_Required work_
When you reach the line with "I signed up" in the records below, begin transcribing exactly and continue up to and including the line with "Hello. My name", leaving out every picture.

_Data for analysis_
-------------------------
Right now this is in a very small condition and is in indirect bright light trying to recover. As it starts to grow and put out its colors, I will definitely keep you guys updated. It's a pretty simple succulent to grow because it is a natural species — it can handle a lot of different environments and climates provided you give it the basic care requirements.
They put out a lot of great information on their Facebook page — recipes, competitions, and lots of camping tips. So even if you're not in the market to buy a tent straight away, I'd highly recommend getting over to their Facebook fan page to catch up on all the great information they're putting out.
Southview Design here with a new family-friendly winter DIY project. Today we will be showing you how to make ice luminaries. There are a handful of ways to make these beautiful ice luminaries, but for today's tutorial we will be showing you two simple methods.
-------------------------
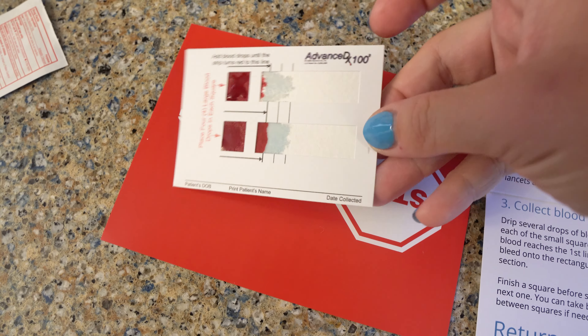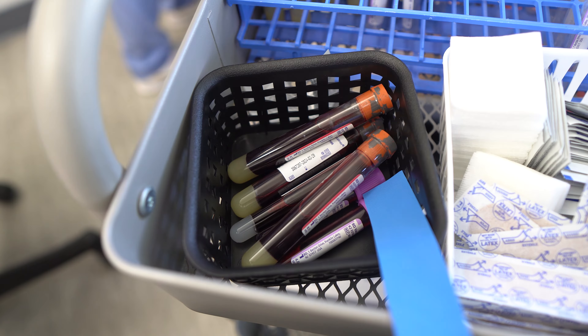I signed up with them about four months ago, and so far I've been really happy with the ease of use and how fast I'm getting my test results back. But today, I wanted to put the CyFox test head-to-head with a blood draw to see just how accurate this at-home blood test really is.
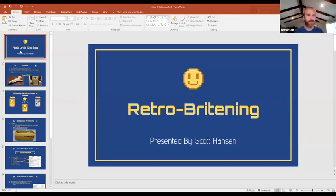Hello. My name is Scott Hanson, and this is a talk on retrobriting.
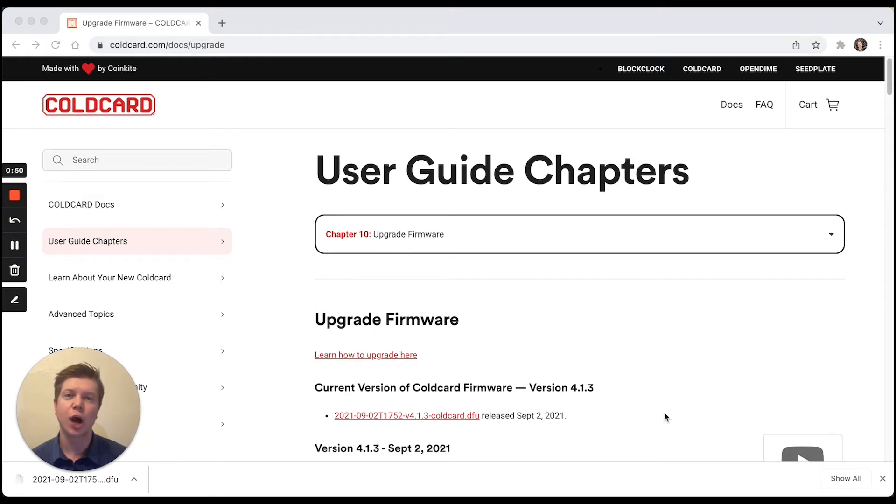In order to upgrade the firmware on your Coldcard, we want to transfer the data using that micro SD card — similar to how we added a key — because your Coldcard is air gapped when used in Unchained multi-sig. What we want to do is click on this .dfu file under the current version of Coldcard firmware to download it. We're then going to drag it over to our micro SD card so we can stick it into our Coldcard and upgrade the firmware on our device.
-------------------------
_Task output_
I signed up with them about four months ago, and so far I've been really happy with the ease of use and how fast I'm getting my test results back. But today, I wanted to put the CyFox test head-to-head with a blood draw to see just how accurate this at-home blood test really is.
Hello. My name is Scott Hanson, and this is a talk on retrobriting.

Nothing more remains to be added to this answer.